Relationships between the area of the foveal avascular zone (AFAZ) and structural measures of the macular area. (a) shows the negative correlation between foveal thickness (y‐axis) and area of the FAZ (x‐axis). (b) shows the negative correlation between the fovea‐to‐macula thickness ratio (y‐axis) and the area of the FAZ (x‐axis). A more marked change in fovea‐to‐macula ratio is expected for FAZ with smaller areas (left side of the graph b) but that is not captured by the linear regression line.

Example of images from two participants, one with a fovea‐to‐macula thickness ratio of 0.86 (a, b, c, ID 119) and one with a ratio of 0.56 (d, e, f, ID 140); both were male and born in 2010. The top images A and D shows the en‐face image of the superficial capillary plexus, the avascular zone in a) is extremely small compared to d ). In d), the foveal avascular zone was fitted automatically by the instrument; however, in (a), it was fitted manually because the instrument was unable to find the foveal avascular zone. Images b) and e) show the slab used by the AngioPlex software to compute the superficial capillary plexus statistics. Images c) and f) show a high‐resolution picture of the macular structure. In the “normal FAZ” shown in d) (fovea‐to‐macula thickness ratio 0.56) the corresponding structural image f) shows a large cleavage of the inner retinal layers at the foveola. In contrast, in the reduced FAZ given in a) (fovea‐to‐macula thickness ratio 0.86) the corresponding structural image c) shows a continuity of inner nuclear layer and ganglion cell layer over the foveolar centre. ⁸ , ³⁵ FAZ, foveal avascular zone.

Macular thickness was higher in the eyes of Caucasians (mean = 324 μm, SD = 14) than in non‐Caucasian participants (mean = 310 μm, SD = 16), t(3.5) = 85 (p < 0.001). Total vessel density was higher in non‐Caucasian eyes (Caucasian: median = 22.6 mm⁻¹, IQR = 0.9; non‐Caucasian: median = 23.62 mm⁻¹, IQR = 2.54; Mann‐Whitney U test, MW = 333, Z = −2.96 (p = 0.003)). Total macular perfusion was significantly higher in Caucasians (median = 39.39, IQR = 3.65) than non‐Caucasians (median = 36.66, IQR = 4.94; Mann‐Whitney U Test, MW = 360, Z = −2.67 (p = 0.007)).

DISCUSSION

In line with the initial hypothesis, the current study found significant relationships between structural and microvasculature measures obtained with OCTA at the macula in healthy eyes of healthy children. The most important finding was the relationship between the area of the FAZ (AFAZ) and the fovea‐to‐macula thickness ratio. ²¹ Thicker foveae were associated with increased vascular density and perfusion.
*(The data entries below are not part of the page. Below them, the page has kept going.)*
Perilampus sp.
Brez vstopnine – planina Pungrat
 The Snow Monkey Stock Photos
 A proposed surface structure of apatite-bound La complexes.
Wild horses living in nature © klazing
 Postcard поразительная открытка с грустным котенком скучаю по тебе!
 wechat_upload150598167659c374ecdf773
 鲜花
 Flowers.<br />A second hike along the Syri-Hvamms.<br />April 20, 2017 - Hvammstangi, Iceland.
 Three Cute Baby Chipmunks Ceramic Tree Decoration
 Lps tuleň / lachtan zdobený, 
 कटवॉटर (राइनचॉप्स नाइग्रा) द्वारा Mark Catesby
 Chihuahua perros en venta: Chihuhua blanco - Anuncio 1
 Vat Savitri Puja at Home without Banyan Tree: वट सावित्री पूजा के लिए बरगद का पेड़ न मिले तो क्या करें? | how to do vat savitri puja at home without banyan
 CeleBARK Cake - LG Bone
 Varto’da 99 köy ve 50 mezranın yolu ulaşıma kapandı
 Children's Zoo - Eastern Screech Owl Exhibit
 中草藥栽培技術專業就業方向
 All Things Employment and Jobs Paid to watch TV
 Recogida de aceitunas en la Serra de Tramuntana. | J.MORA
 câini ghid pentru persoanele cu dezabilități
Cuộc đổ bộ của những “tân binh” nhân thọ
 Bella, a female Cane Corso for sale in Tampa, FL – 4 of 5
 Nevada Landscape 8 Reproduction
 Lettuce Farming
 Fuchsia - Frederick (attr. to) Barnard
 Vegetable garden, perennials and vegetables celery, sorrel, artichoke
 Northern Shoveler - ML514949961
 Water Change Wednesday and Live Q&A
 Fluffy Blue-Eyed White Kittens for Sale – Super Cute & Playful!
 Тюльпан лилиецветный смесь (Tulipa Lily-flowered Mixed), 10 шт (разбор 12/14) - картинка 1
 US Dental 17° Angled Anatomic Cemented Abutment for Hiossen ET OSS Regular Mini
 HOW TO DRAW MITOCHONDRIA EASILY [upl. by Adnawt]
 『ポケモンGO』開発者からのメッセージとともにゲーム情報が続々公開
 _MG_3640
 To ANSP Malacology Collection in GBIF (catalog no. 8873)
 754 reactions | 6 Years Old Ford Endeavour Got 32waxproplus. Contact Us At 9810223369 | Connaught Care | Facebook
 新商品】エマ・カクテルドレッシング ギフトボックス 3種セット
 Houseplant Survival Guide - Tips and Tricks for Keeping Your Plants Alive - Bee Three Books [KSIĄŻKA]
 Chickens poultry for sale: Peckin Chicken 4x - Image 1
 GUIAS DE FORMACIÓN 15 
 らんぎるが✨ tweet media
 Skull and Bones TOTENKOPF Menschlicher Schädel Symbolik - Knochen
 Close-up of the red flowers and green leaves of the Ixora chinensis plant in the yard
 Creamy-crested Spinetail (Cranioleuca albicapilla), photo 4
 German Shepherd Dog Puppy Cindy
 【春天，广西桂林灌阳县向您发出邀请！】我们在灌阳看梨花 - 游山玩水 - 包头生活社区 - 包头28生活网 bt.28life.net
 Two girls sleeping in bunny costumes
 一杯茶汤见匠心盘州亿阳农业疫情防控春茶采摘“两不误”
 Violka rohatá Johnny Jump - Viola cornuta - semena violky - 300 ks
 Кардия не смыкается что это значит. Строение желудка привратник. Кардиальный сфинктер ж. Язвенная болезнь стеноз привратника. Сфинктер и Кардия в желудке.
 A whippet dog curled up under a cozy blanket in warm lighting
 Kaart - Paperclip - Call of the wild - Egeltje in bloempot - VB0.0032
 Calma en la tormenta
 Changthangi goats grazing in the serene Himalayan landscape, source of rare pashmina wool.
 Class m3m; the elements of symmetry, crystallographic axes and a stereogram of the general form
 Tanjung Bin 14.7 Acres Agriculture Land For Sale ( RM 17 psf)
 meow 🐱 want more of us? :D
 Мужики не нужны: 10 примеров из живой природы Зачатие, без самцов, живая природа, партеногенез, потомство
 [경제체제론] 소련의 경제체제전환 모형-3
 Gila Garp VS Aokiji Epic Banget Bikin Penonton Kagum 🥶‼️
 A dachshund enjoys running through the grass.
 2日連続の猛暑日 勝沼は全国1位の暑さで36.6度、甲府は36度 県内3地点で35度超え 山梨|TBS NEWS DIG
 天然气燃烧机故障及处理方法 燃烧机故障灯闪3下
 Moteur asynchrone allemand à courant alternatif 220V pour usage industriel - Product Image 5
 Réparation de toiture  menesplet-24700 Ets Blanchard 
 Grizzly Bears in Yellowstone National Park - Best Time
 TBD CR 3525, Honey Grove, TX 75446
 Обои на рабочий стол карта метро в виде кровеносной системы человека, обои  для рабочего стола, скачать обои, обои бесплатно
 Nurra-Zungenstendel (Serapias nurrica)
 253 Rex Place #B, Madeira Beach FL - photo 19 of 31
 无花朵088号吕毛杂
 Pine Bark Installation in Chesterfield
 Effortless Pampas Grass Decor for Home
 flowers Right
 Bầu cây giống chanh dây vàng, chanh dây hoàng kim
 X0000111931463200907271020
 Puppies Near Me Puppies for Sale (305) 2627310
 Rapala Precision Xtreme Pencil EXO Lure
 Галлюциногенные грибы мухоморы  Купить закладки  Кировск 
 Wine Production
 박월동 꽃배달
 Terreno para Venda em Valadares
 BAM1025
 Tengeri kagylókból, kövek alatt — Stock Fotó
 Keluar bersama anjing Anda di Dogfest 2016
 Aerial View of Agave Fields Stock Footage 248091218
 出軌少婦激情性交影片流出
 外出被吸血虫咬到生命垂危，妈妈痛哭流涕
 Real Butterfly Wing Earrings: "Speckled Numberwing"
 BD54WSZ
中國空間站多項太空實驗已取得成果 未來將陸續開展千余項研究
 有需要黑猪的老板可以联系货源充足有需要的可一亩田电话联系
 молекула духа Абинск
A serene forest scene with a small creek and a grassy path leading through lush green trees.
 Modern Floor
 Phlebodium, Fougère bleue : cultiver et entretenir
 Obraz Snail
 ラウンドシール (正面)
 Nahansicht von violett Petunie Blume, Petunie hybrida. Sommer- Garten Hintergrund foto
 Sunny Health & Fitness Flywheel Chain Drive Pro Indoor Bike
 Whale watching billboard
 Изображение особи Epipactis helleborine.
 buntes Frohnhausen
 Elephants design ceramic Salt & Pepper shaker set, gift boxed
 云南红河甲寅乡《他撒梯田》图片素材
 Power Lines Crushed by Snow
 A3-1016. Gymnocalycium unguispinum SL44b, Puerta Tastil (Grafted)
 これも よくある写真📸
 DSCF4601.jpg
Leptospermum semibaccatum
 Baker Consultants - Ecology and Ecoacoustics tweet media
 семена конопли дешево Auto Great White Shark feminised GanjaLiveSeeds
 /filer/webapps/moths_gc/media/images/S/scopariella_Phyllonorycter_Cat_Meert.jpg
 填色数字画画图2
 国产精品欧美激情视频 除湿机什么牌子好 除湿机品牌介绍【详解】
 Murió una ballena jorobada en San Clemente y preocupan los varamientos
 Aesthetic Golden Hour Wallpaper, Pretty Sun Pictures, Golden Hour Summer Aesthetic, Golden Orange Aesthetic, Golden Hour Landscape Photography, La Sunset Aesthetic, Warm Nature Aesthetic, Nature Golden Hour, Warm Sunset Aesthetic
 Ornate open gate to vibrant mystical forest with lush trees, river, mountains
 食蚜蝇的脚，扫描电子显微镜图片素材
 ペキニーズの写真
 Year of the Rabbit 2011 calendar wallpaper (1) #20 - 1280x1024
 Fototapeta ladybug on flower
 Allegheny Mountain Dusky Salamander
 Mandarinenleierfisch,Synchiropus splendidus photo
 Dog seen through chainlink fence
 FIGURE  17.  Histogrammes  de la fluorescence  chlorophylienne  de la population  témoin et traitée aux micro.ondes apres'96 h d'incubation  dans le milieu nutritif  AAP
In line with other studies, microvasculature measures in the central 1 mm and the AFAZ were correlated with foveal thickness. ³ , ¹¹ , ¹⁶ , ³⁵ , ³⁶ However, assessing only the foveal thickness gives incomplete information if, for example, the foveal pit is poorly defined as in cases of fovea plana. The fovea‐to‐macula thickness ratio (FMTR) has been used in a previous study investigating the relationship between the severity of cystoid macular oedema and severity of ROP. ²¹ In the current study we observed that children with higher FMTR (shallower pits) have smaller AFAZ. To discuss these findings, it is necessary to recap the mechanism of formation of FAZ.

There are currently two different models trying to explain the development of the FAZ. The first is based on ischemia causing the foveal pit: towards the end of gestation, the choriocapillaris meshwork in the fovea regresses by apoptosis. ³ , ¹⁹ Due to metabolic stress, neurons in the fovea die or migrate from that region of the retina leading to formation of the foveal pit. ¹¹ , ³⁷ When regression of the microvasculature fails the FAZ never develops, as in individuals with retinopathy of prematurity. The persisting vasculature contributes to a thicker central fovea and, therefore, affects the typical foveal anatomy. An alternative mechanism for development of the foveal pit and the FAZ is the effect of IOP. In this process the foveal pit develops progressively under the effect of IOP, and there is a migration of inner retinal layers away from the fovea and migration of cone photoreceptors into the fovea. ¹⁸ , ³⁵ It is likely that these two processes are complementary rather than mutually exclusive. According to these models a shallow pit, corresponding to high FMTR, and vascularised foveae are likely to be the result of an underdeveloped fovea. In the current study we failed to find a significant association between high FMTR and changes in acuity, but we observed a trend in which a smaller AFAZ seem to be associated with poorer visual acuity. These results show that persistence microvasculature in the fovea may have subtle functional disadvantages.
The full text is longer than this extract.